> [What to work on] Write out exactly the lines running from the one with "Pastel Counterflow —" to the last line of the entries, keeping both the first and the last.

> [Exercise data]
════════════════
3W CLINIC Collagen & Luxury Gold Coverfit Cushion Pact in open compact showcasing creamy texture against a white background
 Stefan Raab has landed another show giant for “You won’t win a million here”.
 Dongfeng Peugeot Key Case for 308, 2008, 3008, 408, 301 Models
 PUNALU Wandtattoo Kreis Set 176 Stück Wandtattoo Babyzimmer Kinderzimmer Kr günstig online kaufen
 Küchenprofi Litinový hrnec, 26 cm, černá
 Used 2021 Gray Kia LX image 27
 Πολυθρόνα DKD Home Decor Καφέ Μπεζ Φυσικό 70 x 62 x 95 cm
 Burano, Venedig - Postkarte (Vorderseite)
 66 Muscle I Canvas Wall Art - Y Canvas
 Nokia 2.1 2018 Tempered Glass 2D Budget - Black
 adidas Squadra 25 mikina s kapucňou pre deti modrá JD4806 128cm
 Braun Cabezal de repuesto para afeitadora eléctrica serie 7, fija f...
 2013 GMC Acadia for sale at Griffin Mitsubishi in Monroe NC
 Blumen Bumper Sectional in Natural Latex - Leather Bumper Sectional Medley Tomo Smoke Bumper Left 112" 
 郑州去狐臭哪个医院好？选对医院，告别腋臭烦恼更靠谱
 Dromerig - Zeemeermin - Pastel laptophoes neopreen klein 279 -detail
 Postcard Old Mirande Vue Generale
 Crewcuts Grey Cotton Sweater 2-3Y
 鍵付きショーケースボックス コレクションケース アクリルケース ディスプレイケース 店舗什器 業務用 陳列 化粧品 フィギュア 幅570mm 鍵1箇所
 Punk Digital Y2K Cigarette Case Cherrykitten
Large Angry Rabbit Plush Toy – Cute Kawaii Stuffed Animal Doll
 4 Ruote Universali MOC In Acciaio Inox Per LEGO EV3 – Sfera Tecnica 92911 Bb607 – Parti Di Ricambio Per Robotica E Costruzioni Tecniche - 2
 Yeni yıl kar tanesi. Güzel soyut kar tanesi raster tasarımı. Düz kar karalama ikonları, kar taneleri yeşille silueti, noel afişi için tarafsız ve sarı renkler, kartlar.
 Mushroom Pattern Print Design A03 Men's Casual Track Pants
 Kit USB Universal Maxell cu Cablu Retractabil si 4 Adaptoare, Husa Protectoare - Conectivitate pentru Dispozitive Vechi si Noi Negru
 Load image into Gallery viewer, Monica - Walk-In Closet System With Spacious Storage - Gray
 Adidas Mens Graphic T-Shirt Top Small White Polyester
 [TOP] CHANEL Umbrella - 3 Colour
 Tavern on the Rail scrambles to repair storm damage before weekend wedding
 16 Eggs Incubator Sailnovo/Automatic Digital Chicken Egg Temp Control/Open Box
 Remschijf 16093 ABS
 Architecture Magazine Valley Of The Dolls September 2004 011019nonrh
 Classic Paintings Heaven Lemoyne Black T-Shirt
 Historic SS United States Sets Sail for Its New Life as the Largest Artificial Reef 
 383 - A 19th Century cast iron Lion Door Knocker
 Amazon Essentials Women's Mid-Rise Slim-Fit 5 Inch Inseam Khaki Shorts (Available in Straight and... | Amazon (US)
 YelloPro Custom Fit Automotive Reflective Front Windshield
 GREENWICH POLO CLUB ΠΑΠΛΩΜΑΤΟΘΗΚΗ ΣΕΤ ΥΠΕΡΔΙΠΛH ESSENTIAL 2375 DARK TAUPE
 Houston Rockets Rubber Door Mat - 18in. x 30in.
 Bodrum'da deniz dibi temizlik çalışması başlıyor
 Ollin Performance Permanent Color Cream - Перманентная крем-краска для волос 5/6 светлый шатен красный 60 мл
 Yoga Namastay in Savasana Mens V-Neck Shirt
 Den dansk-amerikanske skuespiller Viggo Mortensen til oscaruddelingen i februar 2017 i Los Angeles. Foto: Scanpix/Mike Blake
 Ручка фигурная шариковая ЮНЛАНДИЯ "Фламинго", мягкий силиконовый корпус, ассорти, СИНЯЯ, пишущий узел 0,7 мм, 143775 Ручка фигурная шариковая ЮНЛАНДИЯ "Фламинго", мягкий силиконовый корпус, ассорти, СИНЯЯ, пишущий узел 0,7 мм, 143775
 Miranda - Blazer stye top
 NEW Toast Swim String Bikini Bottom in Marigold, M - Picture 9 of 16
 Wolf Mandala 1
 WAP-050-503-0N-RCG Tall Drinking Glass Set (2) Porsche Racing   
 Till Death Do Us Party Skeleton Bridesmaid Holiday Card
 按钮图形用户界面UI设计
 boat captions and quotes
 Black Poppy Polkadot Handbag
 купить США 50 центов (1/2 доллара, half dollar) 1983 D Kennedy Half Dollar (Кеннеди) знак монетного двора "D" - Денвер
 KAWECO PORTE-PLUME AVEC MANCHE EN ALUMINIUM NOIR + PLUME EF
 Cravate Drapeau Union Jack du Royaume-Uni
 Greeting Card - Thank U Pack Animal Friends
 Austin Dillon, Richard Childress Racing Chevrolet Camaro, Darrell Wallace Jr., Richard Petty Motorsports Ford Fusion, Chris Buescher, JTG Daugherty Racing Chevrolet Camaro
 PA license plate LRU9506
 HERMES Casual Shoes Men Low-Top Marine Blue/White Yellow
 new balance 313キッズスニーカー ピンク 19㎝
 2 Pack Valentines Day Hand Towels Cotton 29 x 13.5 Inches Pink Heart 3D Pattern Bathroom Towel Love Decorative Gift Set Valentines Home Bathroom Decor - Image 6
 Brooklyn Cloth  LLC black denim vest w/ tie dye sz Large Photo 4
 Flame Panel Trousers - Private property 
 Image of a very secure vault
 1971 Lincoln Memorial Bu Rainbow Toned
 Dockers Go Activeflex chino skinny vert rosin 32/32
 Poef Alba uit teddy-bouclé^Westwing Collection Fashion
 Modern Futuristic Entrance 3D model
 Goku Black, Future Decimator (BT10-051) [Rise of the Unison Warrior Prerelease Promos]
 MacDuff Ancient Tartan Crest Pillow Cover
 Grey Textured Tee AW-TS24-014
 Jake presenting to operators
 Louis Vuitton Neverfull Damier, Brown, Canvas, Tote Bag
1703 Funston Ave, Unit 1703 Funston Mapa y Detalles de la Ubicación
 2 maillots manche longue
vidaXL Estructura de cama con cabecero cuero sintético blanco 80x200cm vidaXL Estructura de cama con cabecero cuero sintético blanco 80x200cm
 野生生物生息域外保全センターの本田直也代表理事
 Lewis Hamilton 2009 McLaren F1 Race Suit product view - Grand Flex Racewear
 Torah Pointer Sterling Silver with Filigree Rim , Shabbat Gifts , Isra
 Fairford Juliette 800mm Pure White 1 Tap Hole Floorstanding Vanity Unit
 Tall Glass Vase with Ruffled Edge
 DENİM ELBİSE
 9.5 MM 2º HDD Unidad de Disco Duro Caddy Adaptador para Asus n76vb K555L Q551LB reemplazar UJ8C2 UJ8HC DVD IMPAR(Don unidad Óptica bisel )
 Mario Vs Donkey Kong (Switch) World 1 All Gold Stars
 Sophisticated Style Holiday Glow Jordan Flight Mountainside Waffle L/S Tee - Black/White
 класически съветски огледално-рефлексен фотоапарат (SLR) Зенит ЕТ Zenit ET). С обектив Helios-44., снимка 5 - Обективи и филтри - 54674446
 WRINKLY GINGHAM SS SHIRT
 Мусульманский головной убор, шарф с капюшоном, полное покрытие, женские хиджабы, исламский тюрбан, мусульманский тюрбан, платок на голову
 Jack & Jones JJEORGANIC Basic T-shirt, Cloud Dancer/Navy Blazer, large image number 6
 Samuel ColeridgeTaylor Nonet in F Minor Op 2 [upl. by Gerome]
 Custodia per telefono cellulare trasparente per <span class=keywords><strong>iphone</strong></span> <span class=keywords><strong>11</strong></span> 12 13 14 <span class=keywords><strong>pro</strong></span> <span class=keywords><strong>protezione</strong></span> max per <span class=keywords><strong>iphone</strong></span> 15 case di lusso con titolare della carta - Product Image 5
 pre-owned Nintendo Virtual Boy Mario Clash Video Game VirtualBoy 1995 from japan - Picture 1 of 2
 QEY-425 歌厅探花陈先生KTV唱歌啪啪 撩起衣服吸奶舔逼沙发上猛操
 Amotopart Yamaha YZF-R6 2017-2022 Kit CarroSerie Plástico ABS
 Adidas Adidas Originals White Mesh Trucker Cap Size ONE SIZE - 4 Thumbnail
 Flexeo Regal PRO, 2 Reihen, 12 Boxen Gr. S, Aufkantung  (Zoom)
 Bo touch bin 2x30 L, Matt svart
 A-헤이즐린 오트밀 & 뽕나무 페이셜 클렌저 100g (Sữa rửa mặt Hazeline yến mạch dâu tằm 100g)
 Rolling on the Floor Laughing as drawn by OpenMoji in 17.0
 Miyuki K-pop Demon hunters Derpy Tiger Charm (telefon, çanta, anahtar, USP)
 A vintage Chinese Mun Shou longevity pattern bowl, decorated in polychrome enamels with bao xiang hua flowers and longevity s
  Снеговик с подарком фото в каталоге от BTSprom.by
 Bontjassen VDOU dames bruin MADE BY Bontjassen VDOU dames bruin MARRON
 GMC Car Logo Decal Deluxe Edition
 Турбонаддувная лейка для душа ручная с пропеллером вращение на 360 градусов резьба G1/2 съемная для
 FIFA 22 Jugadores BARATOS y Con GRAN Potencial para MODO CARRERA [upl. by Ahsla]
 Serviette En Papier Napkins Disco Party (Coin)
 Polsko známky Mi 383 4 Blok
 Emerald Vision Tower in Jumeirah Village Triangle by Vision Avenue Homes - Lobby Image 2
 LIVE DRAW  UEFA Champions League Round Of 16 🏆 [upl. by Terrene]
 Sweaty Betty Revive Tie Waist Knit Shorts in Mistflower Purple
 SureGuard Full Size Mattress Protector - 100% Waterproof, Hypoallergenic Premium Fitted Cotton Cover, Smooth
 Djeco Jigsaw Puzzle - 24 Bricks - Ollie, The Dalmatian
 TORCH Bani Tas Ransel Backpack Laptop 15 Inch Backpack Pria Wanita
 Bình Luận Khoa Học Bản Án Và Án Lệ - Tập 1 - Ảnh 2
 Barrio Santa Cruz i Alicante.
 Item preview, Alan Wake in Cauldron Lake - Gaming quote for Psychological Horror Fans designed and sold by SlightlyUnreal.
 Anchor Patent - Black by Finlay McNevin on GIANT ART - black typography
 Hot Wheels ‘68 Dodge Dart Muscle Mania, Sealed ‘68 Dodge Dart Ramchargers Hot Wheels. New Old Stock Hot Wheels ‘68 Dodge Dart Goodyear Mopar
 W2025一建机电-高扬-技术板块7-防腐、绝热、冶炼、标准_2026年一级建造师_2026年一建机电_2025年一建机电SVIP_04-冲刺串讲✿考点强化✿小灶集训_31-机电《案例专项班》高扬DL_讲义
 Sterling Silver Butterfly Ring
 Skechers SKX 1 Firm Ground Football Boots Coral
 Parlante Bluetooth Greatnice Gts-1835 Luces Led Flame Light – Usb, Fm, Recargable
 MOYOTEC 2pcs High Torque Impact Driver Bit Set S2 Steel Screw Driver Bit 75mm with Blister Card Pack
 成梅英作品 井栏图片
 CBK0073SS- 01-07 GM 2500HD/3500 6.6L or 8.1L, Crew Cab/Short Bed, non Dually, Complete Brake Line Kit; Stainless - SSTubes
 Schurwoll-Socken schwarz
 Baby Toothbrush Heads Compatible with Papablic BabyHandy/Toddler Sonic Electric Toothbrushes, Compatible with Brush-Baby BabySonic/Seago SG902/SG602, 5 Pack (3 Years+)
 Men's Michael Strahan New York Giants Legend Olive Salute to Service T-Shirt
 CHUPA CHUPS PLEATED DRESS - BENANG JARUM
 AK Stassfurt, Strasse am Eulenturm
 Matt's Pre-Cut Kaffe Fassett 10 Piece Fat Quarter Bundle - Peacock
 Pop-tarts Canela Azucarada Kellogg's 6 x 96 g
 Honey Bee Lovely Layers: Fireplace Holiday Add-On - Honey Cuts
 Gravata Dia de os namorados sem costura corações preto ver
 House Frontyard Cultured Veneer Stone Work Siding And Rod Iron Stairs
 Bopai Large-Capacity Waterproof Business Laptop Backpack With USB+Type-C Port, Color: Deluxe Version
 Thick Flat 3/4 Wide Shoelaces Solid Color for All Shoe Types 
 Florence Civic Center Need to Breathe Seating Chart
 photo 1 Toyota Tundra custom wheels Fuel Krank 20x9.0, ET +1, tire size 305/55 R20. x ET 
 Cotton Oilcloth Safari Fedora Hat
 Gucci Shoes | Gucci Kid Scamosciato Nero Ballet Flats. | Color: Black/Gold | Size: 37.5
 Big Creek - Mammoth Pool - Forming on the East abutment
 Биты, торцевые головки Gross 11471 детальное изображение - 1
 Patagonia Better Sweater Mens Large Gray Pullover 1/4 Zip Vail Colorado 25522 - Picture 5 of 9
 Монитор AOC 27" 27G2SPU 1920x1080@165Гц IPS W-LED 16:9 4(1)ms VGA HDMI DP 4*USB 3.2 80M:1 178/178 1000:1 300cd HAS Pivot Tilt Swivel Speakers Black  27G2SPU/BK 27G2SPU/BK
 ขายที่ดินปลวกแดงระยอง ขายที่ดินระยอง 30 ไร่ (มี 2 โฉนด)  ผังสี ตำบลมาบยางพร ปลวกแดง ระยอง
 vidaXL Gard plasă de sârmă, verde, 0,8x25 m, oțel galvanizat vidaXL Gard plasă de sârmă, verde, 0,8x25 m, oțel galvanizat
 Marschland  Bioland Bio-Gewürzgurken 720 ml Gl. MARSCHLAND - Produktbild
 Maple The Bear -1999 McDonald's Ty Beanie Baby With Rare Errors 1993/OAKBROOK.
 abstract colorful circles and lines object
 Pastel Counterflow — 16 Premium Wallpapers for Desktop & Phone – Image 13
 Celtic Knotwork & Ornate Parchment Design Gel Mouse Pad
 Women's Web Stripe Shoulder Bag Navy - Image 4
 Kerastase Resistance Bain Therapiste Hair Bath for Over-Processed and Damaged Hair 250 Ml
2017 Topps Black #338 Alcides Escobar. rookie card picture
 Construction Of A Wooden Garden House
════════════════
> [Task solution]
 Pastel Counterflow — 16 Premium Wallpapers for Desktop & Phone – Image 13
 Celtic Knotwork & Ornate Parchment Design Gel Mouse Pad
 Women's Web Stripe Shoulder Bag Navy - Image 4
 Kerastase Resistance Bain Therapiste Hair Bath for Over-Processed and Damaged Hair 250 Ml
2017 Topps Black #338 Alcides Escobar. rookie card picture
 Construction Of A Wooden Garden House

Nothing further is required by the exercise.